What for? This does not affect the performance, only the size of the output binary. Alternatively, you can use the pool from a random number of decryption functions

P.s. Maybe we can use ConfuserEx idea to simplify code writing? Instead of manually working with ast, load go code templates and manipulate them, and then simply parse into ast

lu4p commented 4 years ago

@pagran Nice idea

lu4p commented 4 years ago

@pagran fine having a lambda function for each literal would also be ok

lu4p commented 4 years ago

@pagran I wrote astextract to help with the code generation it even has a webinterface here https://lu4p.github.io/astextract/

capnspacehook commented 4 years ago

I have a few thoughts:

  1. If we choose to generate a unique deobfuscation function for each literal, that should be the hardest to statically deal with. But, the downside is that the final binary would most likely be larger than if we were to create 1 or a few deobfuscation functions and choose between them at random. This may be something that we leave up to the user, wether they need a smaller binary, or one with more obfuscated literals.
  2. We should try to make our generated literal obfuscation code resiliant to FireEye's floss project: https://github.com/fireeye/flare-floss. floss is a tool that does advanced static analysis to rip deobfuscated strings from obfuscated binaries, and it does it quite well. Obviously we are obfuscating literals, so a person determined/skilled enough will always be able to deobfuscate the literals we obfuscate, but if we can design such an algorithm that floss can't handle, that would be a great start I think.
mvdan commented 4 years ago

This may be something that we leave up to the user, wether they need a smaller binary, or one with more obfuscated literals.

I think the answer there is something like #61. That is, by default, we don't make binaries get large by trying really hard on every literal. Only the statements or expressions which are marked as "important" will get the extra effort.

not having to rely on crypto packages, which does mess with our package dependencies

I hadn't seen this issue manifest into a real bug before, but now it's confirmed; I've filed #62 for that.

capnspacehook commented 4 years ago

I think it's fine if we don't obfuscate all literals by default, but we should certainly provide an easy way to do that without requiring some form of annotation of all literals. In my mind, special comments/no-op functions that annotate how garble should behave on a per-node basis could be extremely powerful and useful, but we need to keep the option to obfuscate all literals/nodes.

Annotations could be very useful for instance to override default Garble behavior, to force Garble to rename an exported method the user knows can be renamed for example.

lu4p commented 4 years ago

I will try to replace the aes function with a simple XOR function, which implements a similar interface like this:

type EncryptBlock interface {
  Encrypt(data []byte) *ast.BlockStmt
}

type XorBlock struct{}

func (*XorBlock) Encrypt(data []byte) *ast.BlockStmt
// random xor
// return decryptor as ast
}
mvdan commented 4 years ago

@capnspacehook Yeah, I think setting up defaults to affect all nodes would be useful.
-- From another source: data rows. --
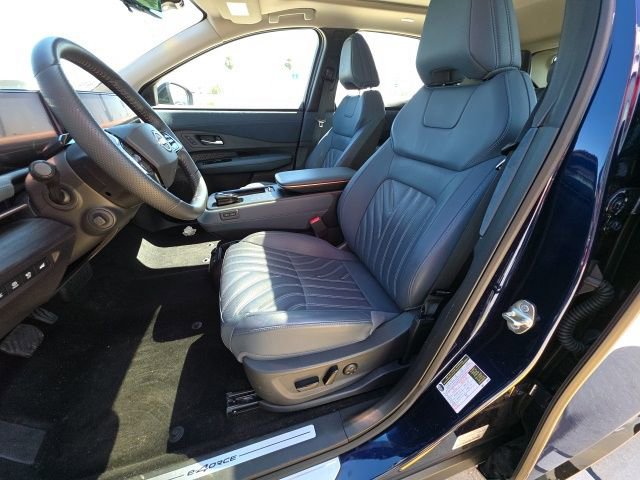 Used 2023 Nissan Ariya PLATINUM+ e-4ORCE image 13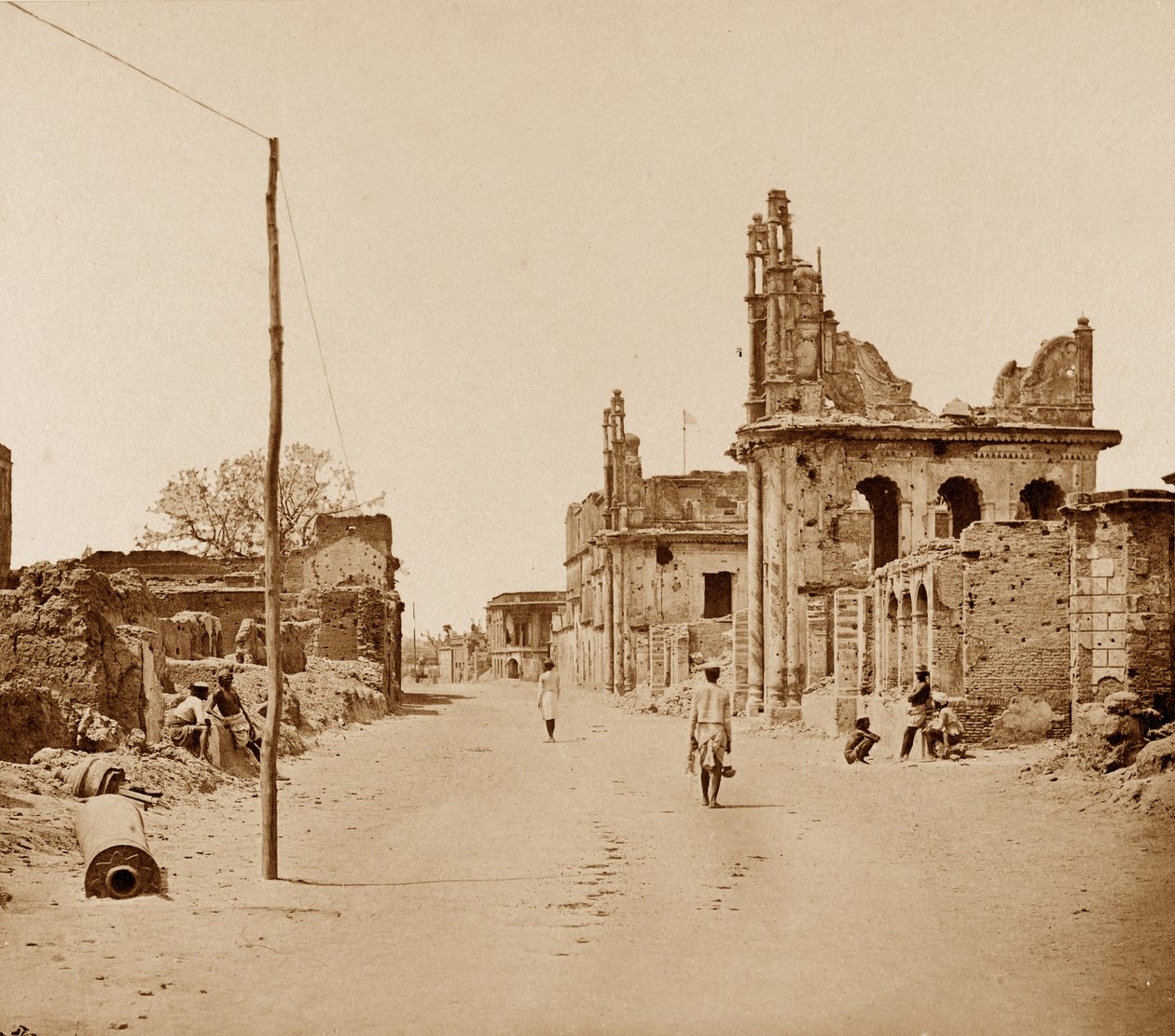 Droga Cawnpore, Lucknow autorstwa Felice Beato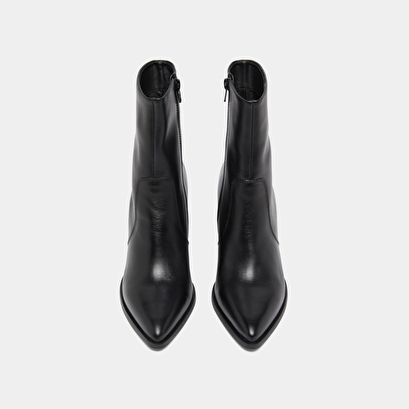 Bottines &agrave; talons in black leather | perle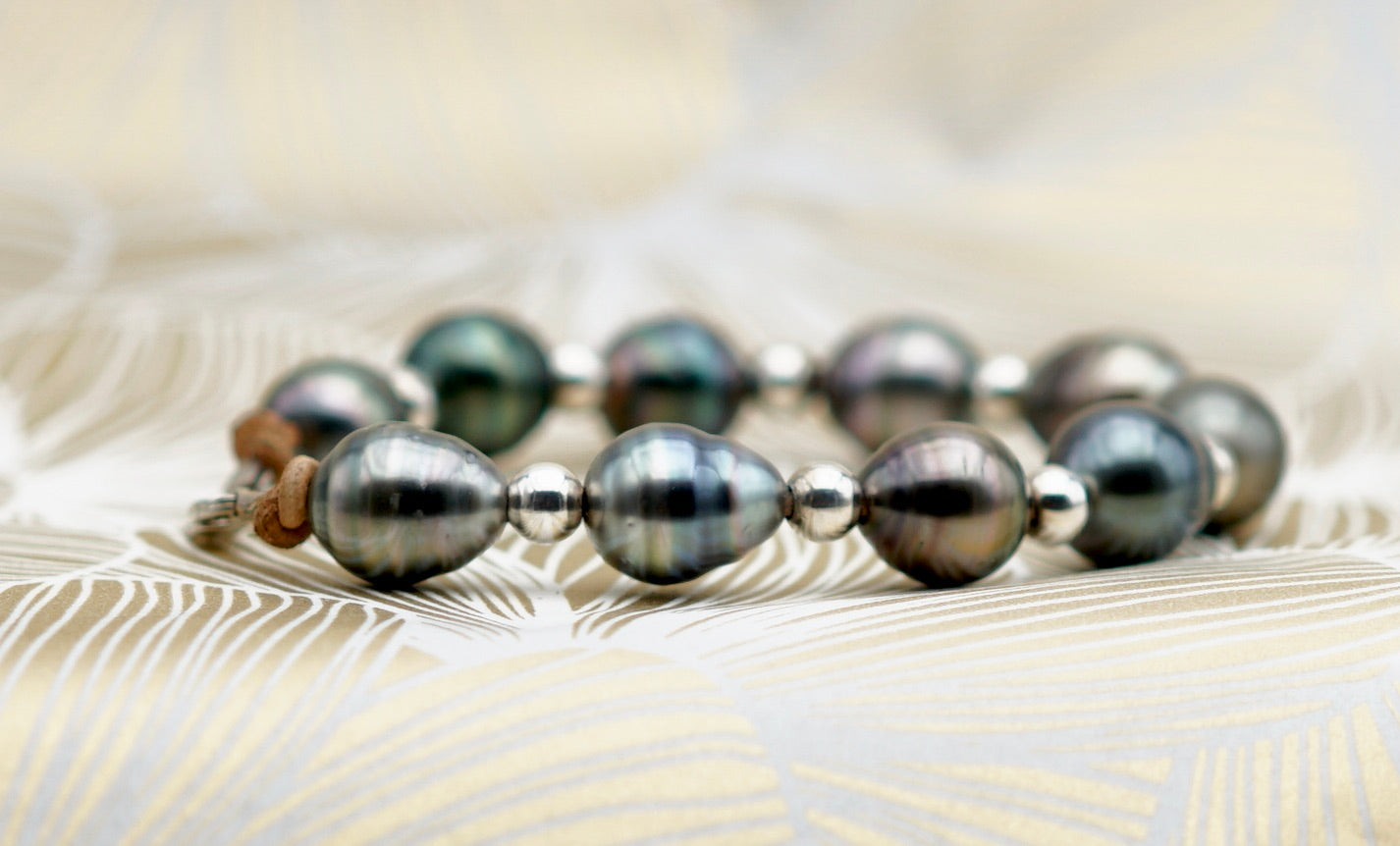 Collection Maupiti splendide bracelet de 10 perles baroque de Tahiti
That is, unless the setting is overriden for any of the nodes.

The question is - how would you expose such global defaults? Flags would work, but they're a bit clunky. Perhaps something like Go annotations in an init func in a garble.go file in the main package? That would be pretty easy to discover and we wouldn't have to translate every option to a flag.

lu4p commented 4 years ago

~Only change is that it will return a *ast.CallExpr, and the functions aren't exported.~

pagran commented 4 years ago

Proof-of-concept only

two blocks participated in obfuscation, each block has the concept of "complexity", the more complex the block, the higher the complexity (heh):

  1. Arithmetic - 1
  2. Loop - 5

Original code

package main

func main() {
    println("hello world")
}

Obfuscated 1 line "manually" with different maximum complexity (see file names) https://gist.github.com/pagran/8210d187cf9ad8d95c65bb50a8f86c54

pagran commented 4 years ago

Generator source: https://github.com/pagran/go-random-encrypt-generator/blob/master/main.go

capnspacehook commented 4 years ago

I think this is resolved as well, should this be closed?